The theorem says that resultant function is computable!

In lieu of a proof, let us informally sketch what the program that computes this does.

  1. Upon receiving $i$ as an argument, it decodes it as a pair $(e, n) = \textsf{split}(i)$.
  2. It decodes the first component $e = \ulcorner S \urcorner \in \mathbb{N}$ into (the AST of) a While program $S$.
  3. It simulates the running of the program $S$ on input $n$.

This last step consists of constructing the configuration $\langle S, [\texttt{x} \mapsto n] \rangle$, followed by computing the (unique) next configuration of the operational semantics of While. This is repeated until the simulation reaches a halting configuration $\langle \texttt{skip}, [\texttt{x} \mapsto m] \rangle$. At this point the program halts, returning $m$ in its output.

That description may seem familiar: it corresponds to what we would nowadays call an interpreter for a programming language. An interpreter is a program that loads the source code of another program, and computes the intended behaviour of that program. One way to write an interpreter is to follow the operational semantics of a language, as described above. Usually interpreters do not translate the source code, but merely produce the desired behaviour directly. The most famous language that is interpreted (and not compiled) is perhaps Python.

This theorem of Stephen Kleene states that it is possible to write an interpreter. Curiously, it was proven long before any actual computers existed!

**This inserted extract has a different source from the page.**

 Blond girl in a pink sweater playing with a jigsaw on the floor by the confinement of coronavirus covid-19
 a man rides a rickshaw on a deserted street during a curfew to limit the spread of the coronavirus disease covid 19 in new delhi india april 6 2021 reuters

The proof of the theorem proceeds by actually constructing the interpreter itself as a While program. We will not do so, because it is awfully tedious: it involves unpairing a number of inputs, and pattern-matching on the next instruction (if the program is of the form $S_1; S_2$, then do the first instruction of $S_1$, and so on). As While only supports natural numbers, all this needs to be done numerically, by computing the reflections these functions! Evidently, that is a formidable task.

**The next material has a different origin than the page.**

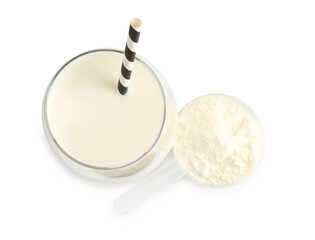 Delicious protein shake in glass and scoop with powder isolated on white, top view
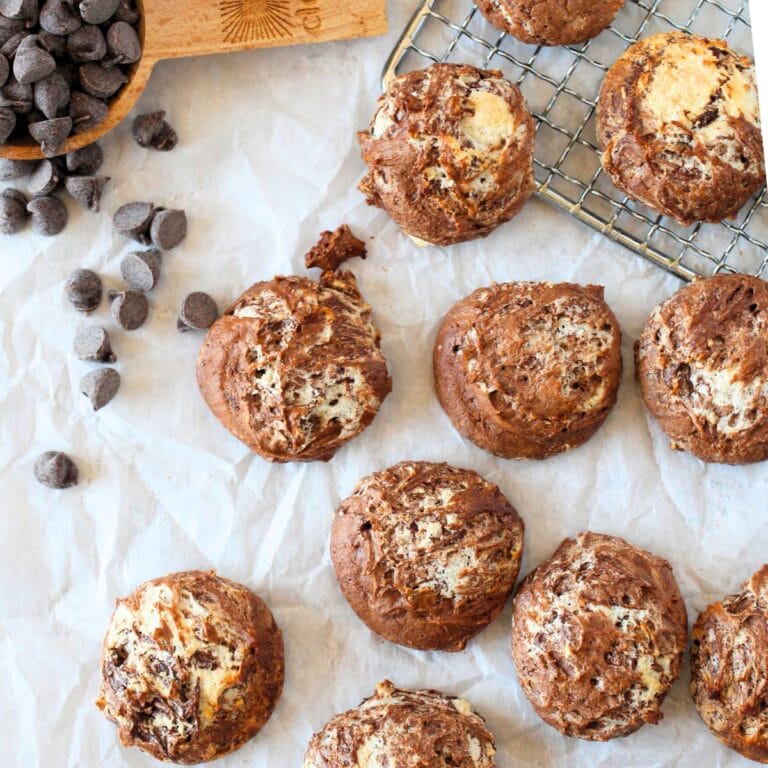 top view of high protein chocolate souffle cookies with sugar-free chocolate chips scattered around sugar-free cookies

However, it should not be very hard for you to see how to write such an interpreter in Haskell, using the powerful features of algebraic data types and pattern-matching.

For the purposes of this unit we are willing to accept Kleene’s theorem at face value, without an explicit construction. We will also be reasonably relaxed about the explicit construction of such programs from this point onwards, and accept handwaving instead.